What happens to our minds and memories in healthy ageing?

In our recent paper, The myth of cognitive decline, my colleagues and I suggest that the answer to this question is, “it’s complicated.” And if you think that the answer involves a steady deterioration of cognitive function, we present a series of findings that may make you think again.

Take, for instance, our ability to “retrieve” words from our memories: It’s widely believed that this ability declines as we get older. However, when we took a close look at the tests used to measure memory performance across the lifespan, we found that the truth of the matter is far less simple. Whether a word becomes harder (or easier) to recall with age can depend both on the kind of word tested, and the kind of test used. While many people find names increasingly hard to recall as they get older, on some tests of word recall, memory retrieval is unaffected by ageing. On other tests, performance actually improves with age. (I’ll talk more about this in more detail in a later post, but for now, Mark Liberman over at Language Log offers a lucid introduction to the way retrieval performance varies by test).

Not only did we find that a researcher’s choice of test can determine whether cognitive functioning appears to decline or improve with age, we also found that the results of the same cognitive test can suggest age-related declines or improvements, simply as a result of the context in which people are tested.

The methods we use to establish our findings are fairly complicated.
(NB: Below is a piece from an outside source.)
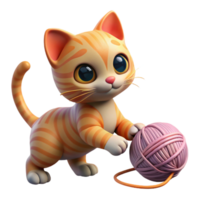 extraordinary modern A playful kitten batting at a ball of yarn, warm indoor lighting, photorealistic style professional png
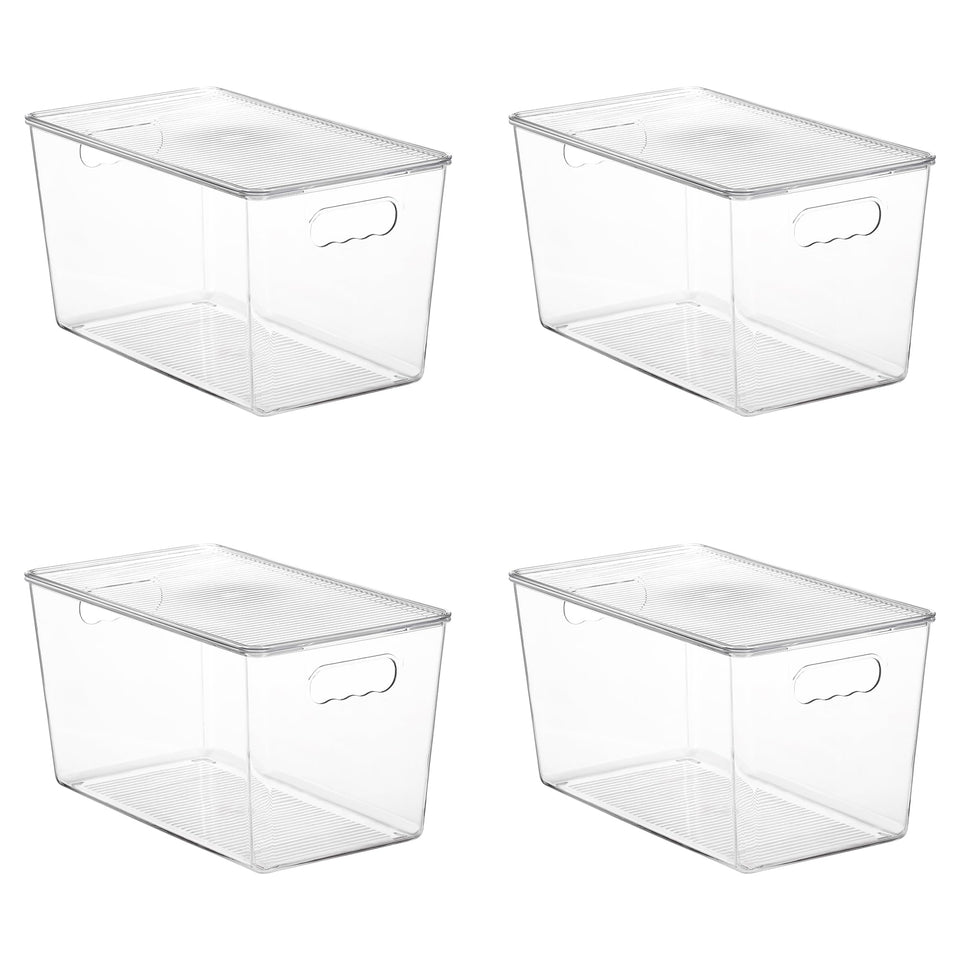 Vtopmart clear stackable bin with lids for easy pantry organization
For our journal article, we assumed that our readers would have a fairly high degree of scientific training, and so we kept the presentation of our methods and results brief. Because our results are likely to be of interest to people who have not had that training, I thought it might be helpful to write some expanded introductions to our work, so that our findings and their implications can be more widely understood.

Today I’m going to focus on the result that I personally found most surprising, namely that, if we take the scientific literature on aging at face value, then, if I were to test your ability to generate as many words beginning with F as you can in a minute, the number of words you actually manage to produce will depend on how many other people I intend to test. If I am intending to test a lot of other folks, you will manage to generate fewer F words than if I only intend to test a small number of people.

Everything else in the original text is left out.